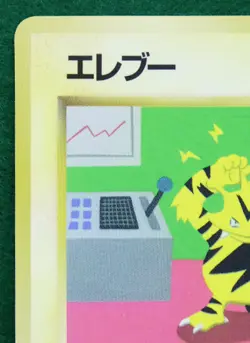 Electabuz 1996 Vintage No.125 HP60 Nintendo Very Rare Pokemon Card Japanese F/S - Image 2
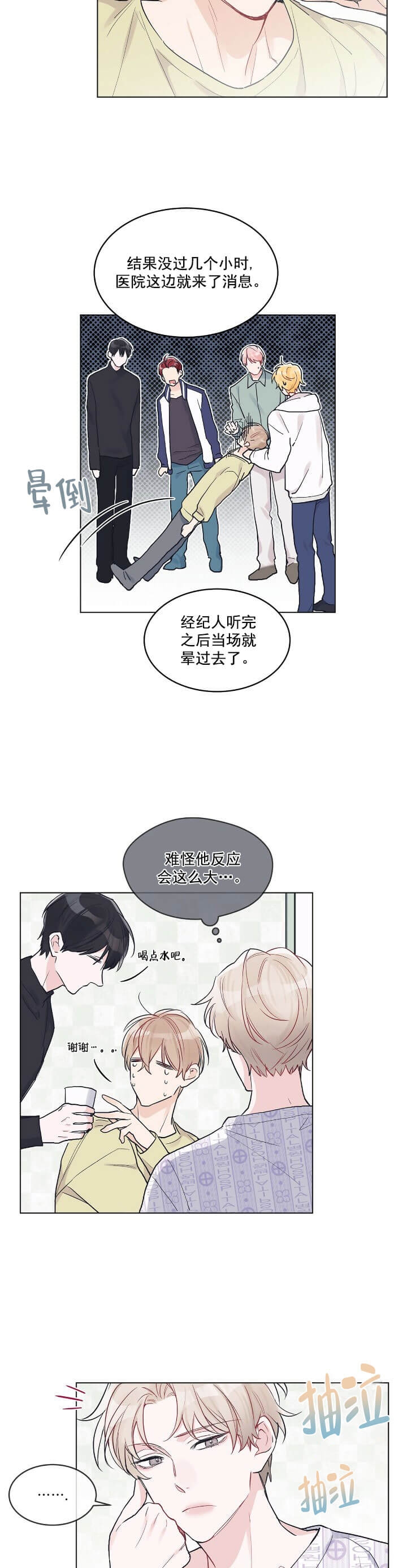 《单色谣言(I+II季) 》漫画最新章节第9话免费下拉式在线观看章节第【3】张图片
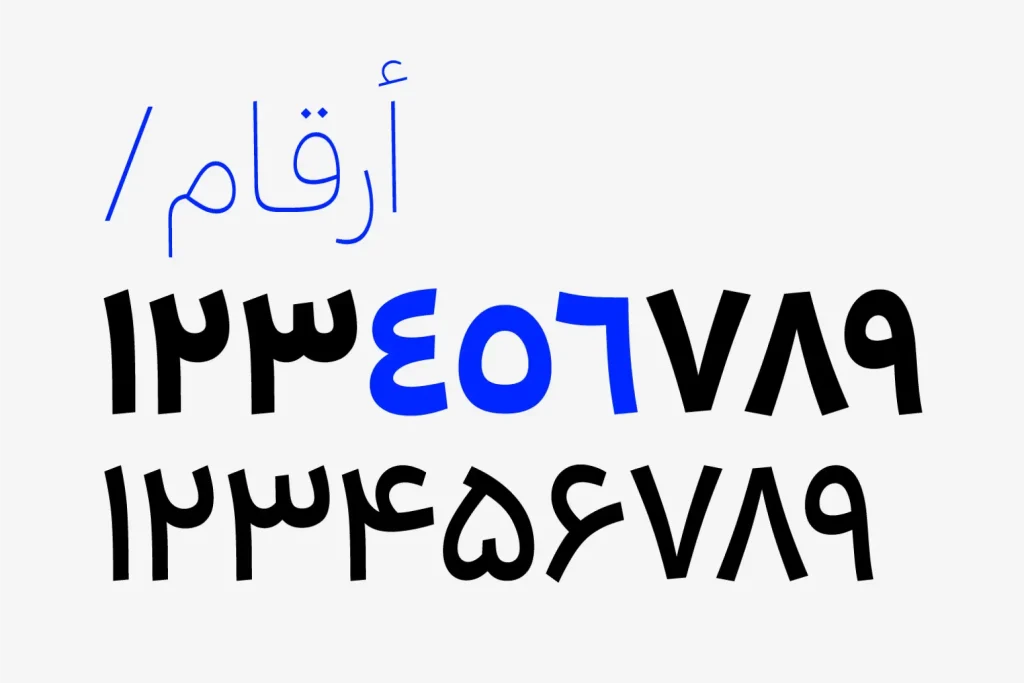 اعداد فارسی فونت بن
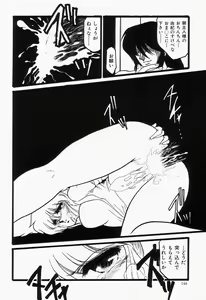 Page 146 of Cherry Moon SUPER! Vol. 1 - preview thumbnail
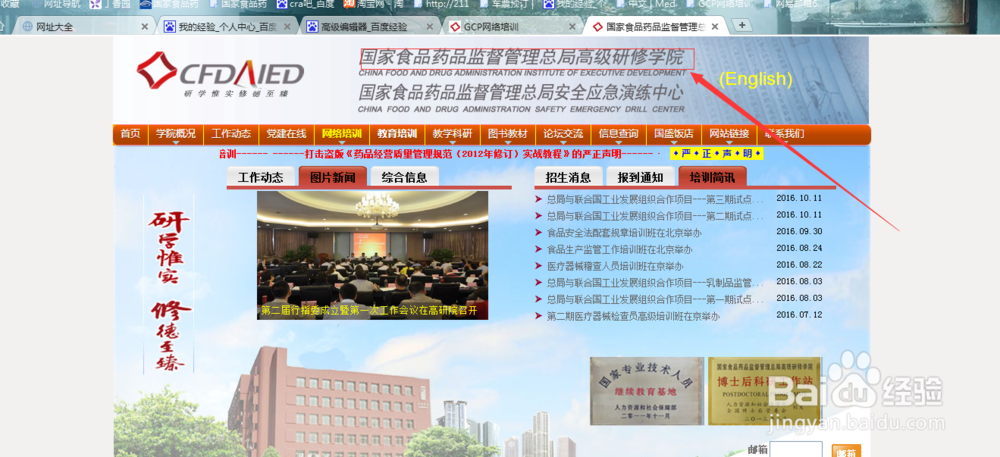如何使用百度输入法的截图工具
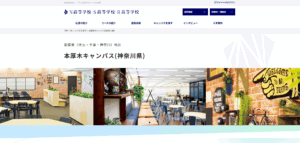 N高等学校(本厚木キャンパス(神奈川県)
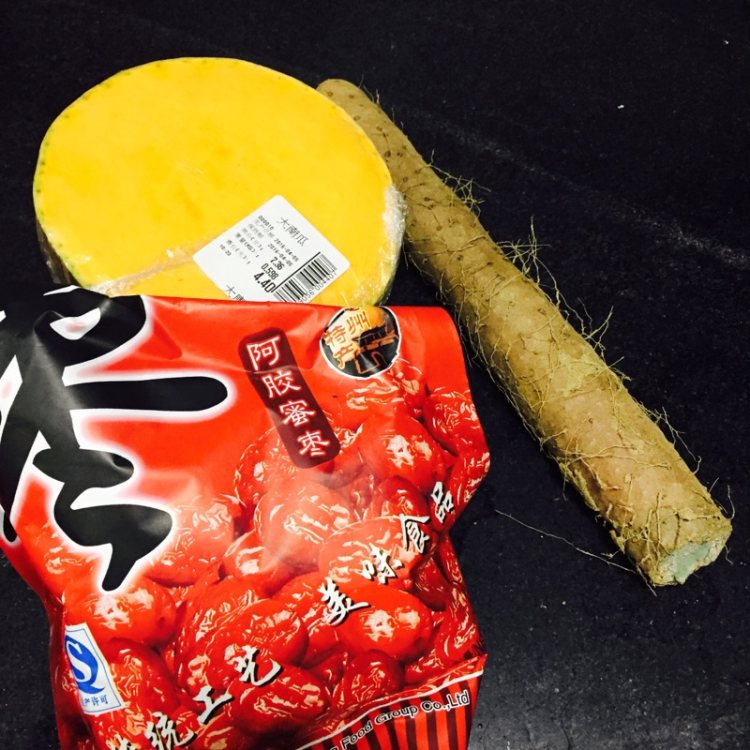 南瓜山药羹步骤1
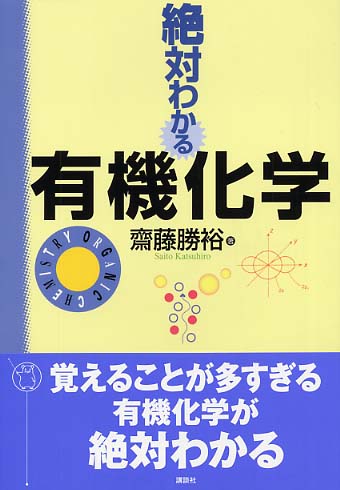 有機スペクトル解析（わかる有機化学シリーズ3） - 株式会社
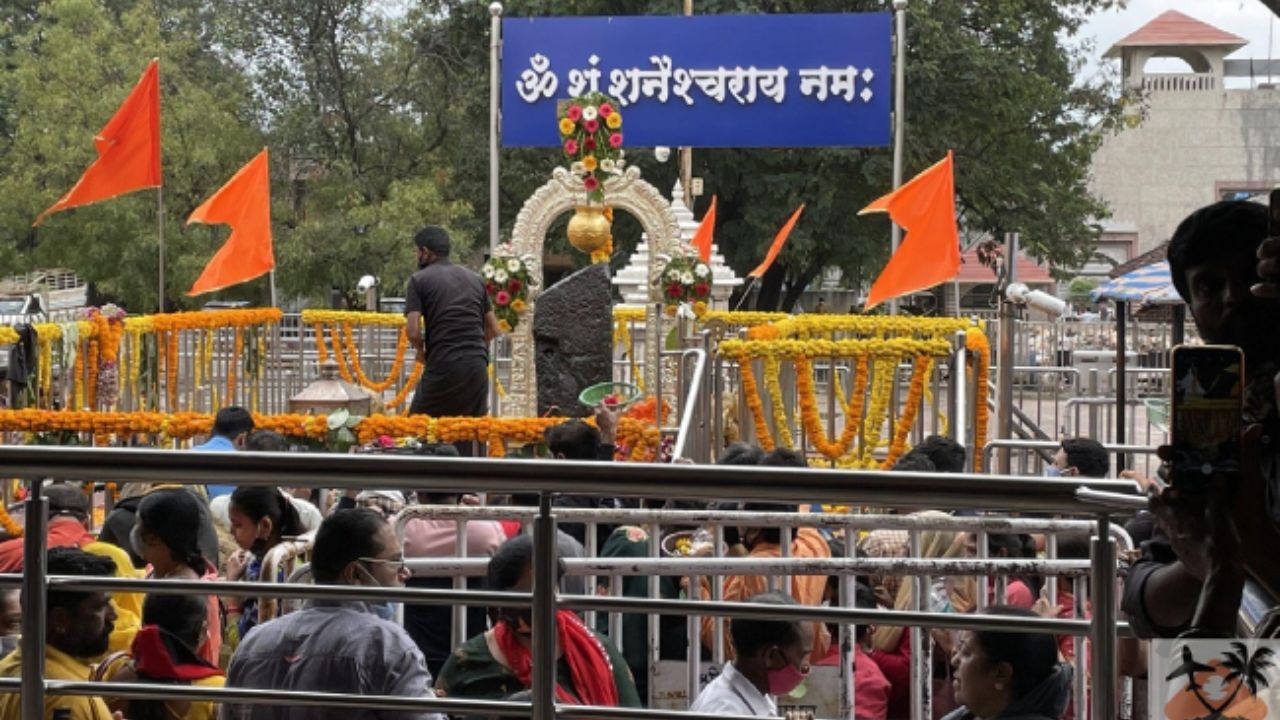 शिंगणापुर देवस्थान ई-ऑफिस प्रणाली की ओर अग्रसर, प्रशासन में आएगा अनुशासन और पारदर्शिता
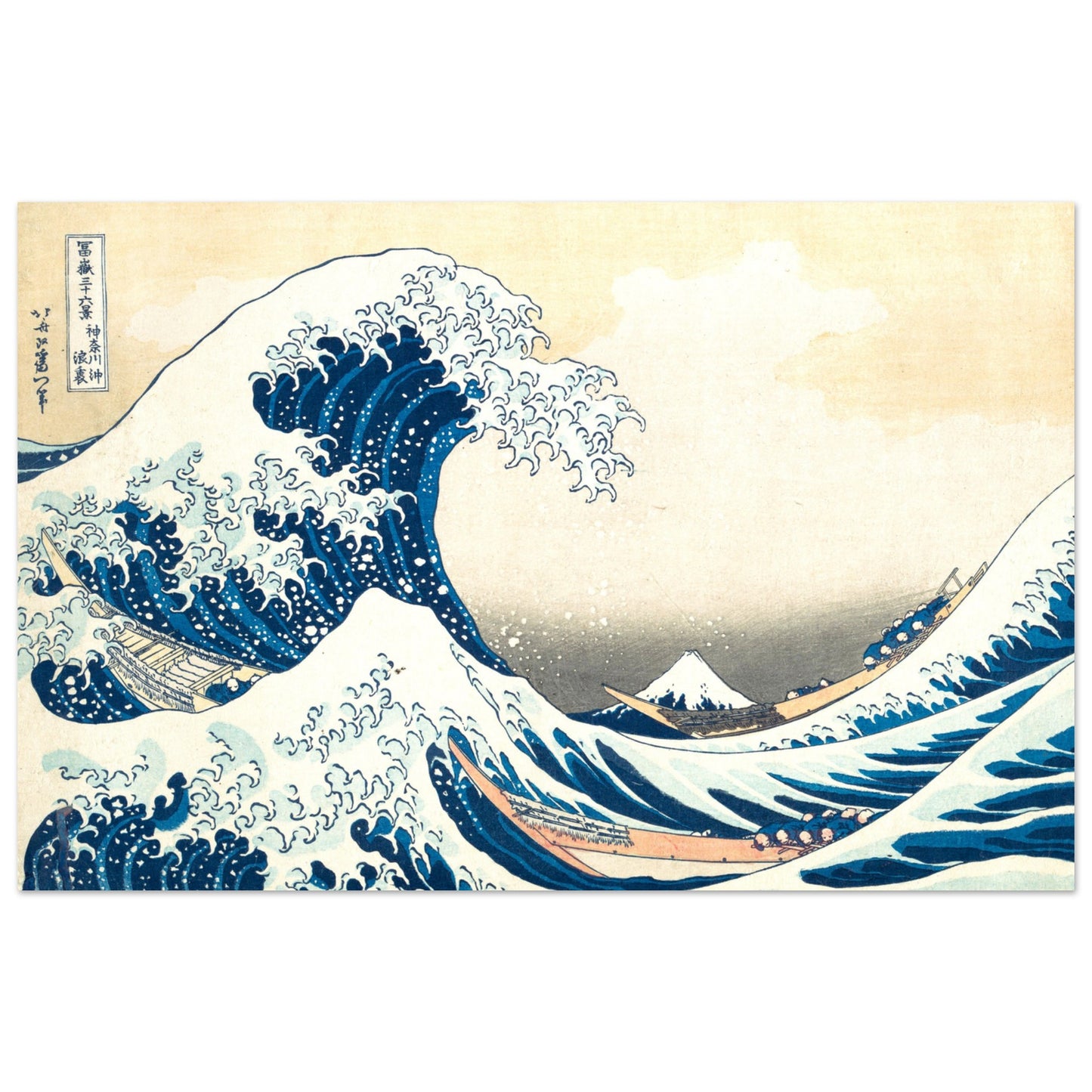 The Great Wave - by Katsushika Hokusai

WHAT YOU WILL DO:
Everything in the records above must be repeated exactly, except the pictures.

OUTPUT:
 Electabuz 1996 Vintage No.125 HP60 Nintendo Very Rare Pokemon Card Japanese F/S - Image 2
 《单色谣言(I+II季) 》漫画最新章节第9话免费下拉式在线观看章节第【3】张图片
 اعداد فارسی فونت بن
 Page 146 of Cherry Moon SUPER! Vol. 1 - preview thumbnail
如何使用百度输入法的截图工具
 N高等学校(本厚木キャンパス(神奈川県)
 南瓜山药羹步骤1
 有機スペクトル解析（わかる有機化学シリーズ3） - 株式会社
 शिंगणापुर देवस्थान ई-ऑफिस प्रणाली की ओर अग्रसर, प्रशासन में आएगा अनुशासन और पारदर्शिता
 The Great Wave - by Katsushika Hokusai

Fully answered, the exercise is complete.